# Underappreciated composers



## KenOC (Mar 7, 2011)

One of the most common plaints here is that such-and-such a composer isn't performed or heard enough. Seemingly these composers number in at least the hundreds!

Now there are only so many hours in the day for listening, only room for so many pieces on concert programs, only so many CDs or downloads that people will buy. Obviously if we were to adequately appreciate all these underappreciated composers, we'd be very busy people indeed.

So I propose that from now on, anytime somebody says a composer doesn't get enough exposure, they be required to say what works or composers should endure a diminution to make room for them. Fair enough?

I'll start by mentioning Berwald. He should be played more, listened to more. I'm happy to take the cost out of Berlioz's hide, almost any of his works except the absolute favorites.


----------



## clavichorder (May 2, 2011)

Just make your own collection of composers you appreciate. It's not the worst thing in the world to deprive yourself of the very best, to enjoy what is also really very good if it speaks to you personally.

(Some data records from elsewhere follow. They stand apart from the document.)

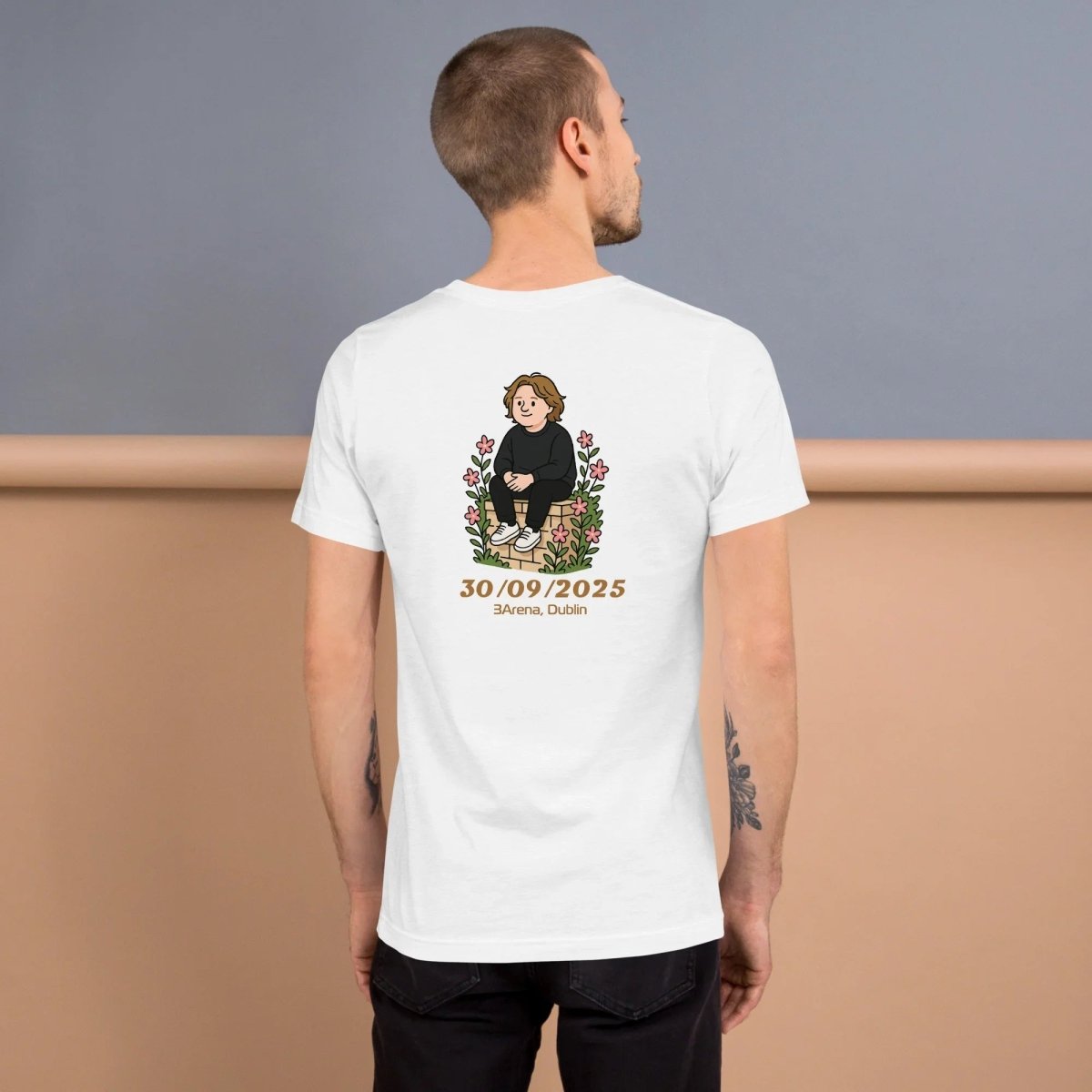 Lewis Capaldi Tour T-Shirt 2025 | Cotton Graphic Tee for Fans Alcyone213k
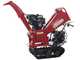 GeoTech Pro GeoPorter 330E BS - Motocarriola cingolata cassone estensibile con 4 rulli - 300Kg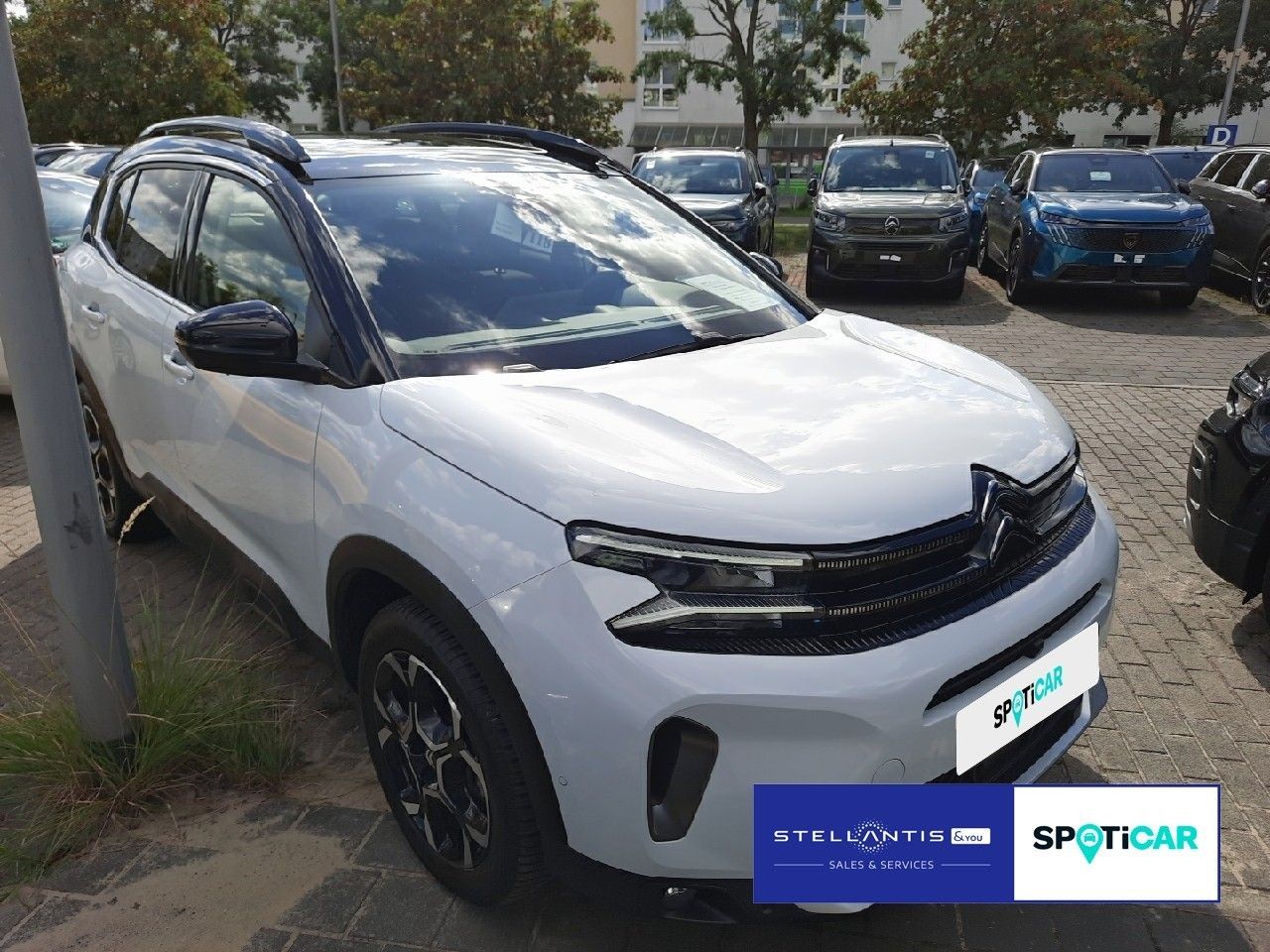 Citroën C5 Aircross Max Mild-Hybrid 145 Pano eHeckkla imagem 3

You don't need to listen to Alkan with the objective to rank him alongside Chopin or Liszt. It's good music when the space apart is given and it's a good fit for you. It might even mess with your mentality a little to make these composers central to your listening and not in a bad way. As long as you aren't indiscriminate. I don't get deep into obscure composers that don't interest me.

But according to your method, I'm happy to push a little bit of Shostakovich, Sibelius, Mahler aside(I said a little bit, which doesn't diminish them much) to make room for a lot more Nielsen. A little Martinu and Honegger doesn't hurt Hindemith and Stravinsky too much either. Take out the less interesting Rachmaninoff etudes/preludes and put a Medtner skazki, forgotten melody or others of the best shorter works. And for the love of music, let Busoni have a space all to himself.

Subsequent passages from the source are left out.